While those predictions sound fair, what was more insightful was the two companies’ comments about current state of the industry — not the future.
In a section titled “Year of Mobile,” mobile advertising still sounds like a distant hope, especially when you expand your ideas of advertising beyond a banner or text ad. The report concluded: “It can only be the year of the mobile if and when users do more with their mobile than anything else. And here this means the majority of the population does more with their mobile not just the tech savvy few with the high end devices. It is when the mobile device is truly used for all the touch points in your life.”
Clearly, with only a fraction of people buying smartphones, this is not the case today. And likely, full integration of the phone into people’s lives are still a ways off. “Interestingly the year of the mobile will also signify the death of the mobile phone as the majority of us currently know it. And from a mobile advertising perspective this blurs the boundaries between producing different creative and images for the different channel campaigns.”
When consumers opt in it is the highest response rate of marketing there is, bar none. They do not need a smart phone, sms/mms and bluetooth more than suffice as delivery medium.
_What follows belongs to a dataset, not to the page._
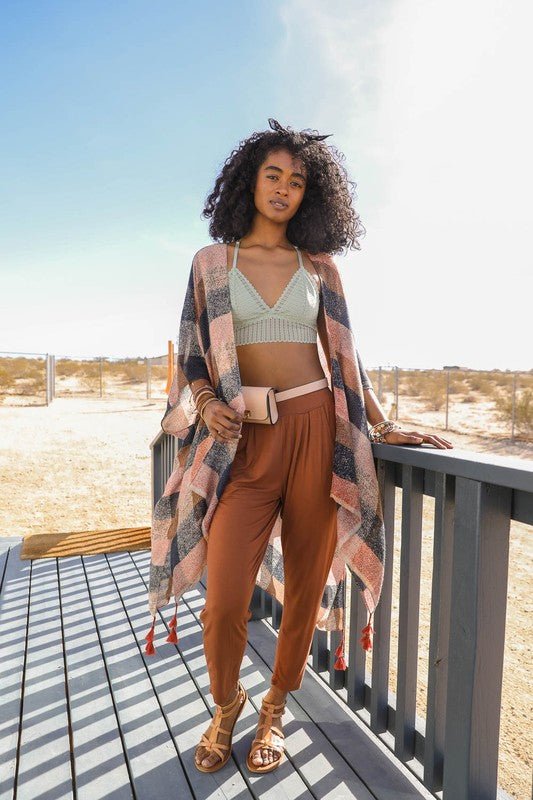 Betsy Buffalo Checkered Kimono - ivyandlavyboutique Leto Accessories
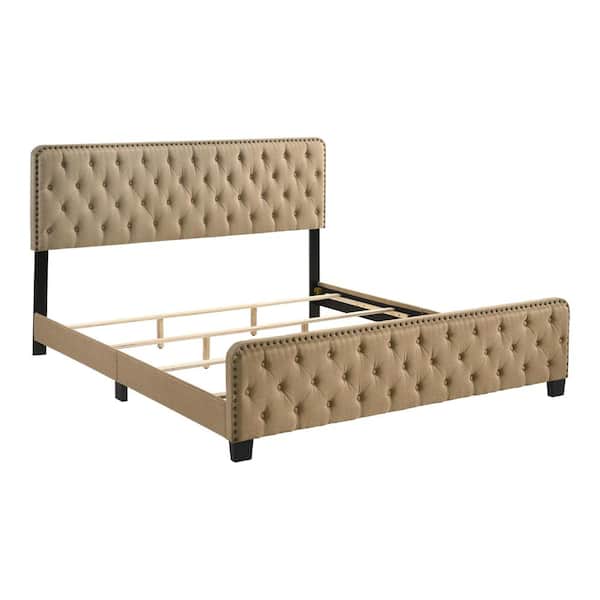 Furniture of America Foxfire Brown King Panel Bed with Tufted Upholstery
People want just in time promotions, easy to use and redeem and nothing more really needs to be added.
Blanket, splash and direct mailing is by far more expensive than targeted opt in mobile interactive marketing- shame on these folks- look at the data.
The report is well presented.
But the conclusions are about mobile *advertising*, which may well be a few years away due to the fragmented stages of development, of highly sporadic capability across geographies, lack of proper inventories and other paraphernalia with which "media agencies" are used to working before mediums manage to get some scale.
Meanwhile, mobile *marketing*, which involves a __lot more__ than just banners and other forms of display or messaging are already around and quite effective.
Any report on the state of mobile that is unable to lucidly draw this distinction is either too lazy or just plain ignorant. Not something you expect from the brit boys club at Ogilvy.
A pretty crappy paper that sounds like it's from maybe 3 years ago. IAB and MMA both offer much richer sources of information. This is just one of those generic downloads that make you feel you read something factful, only to realize you didn't.
Isn't Acision "The World's Leading Messaging Company"?
How did they fail to mention SMS/MMS as a delivery mechanism in this article?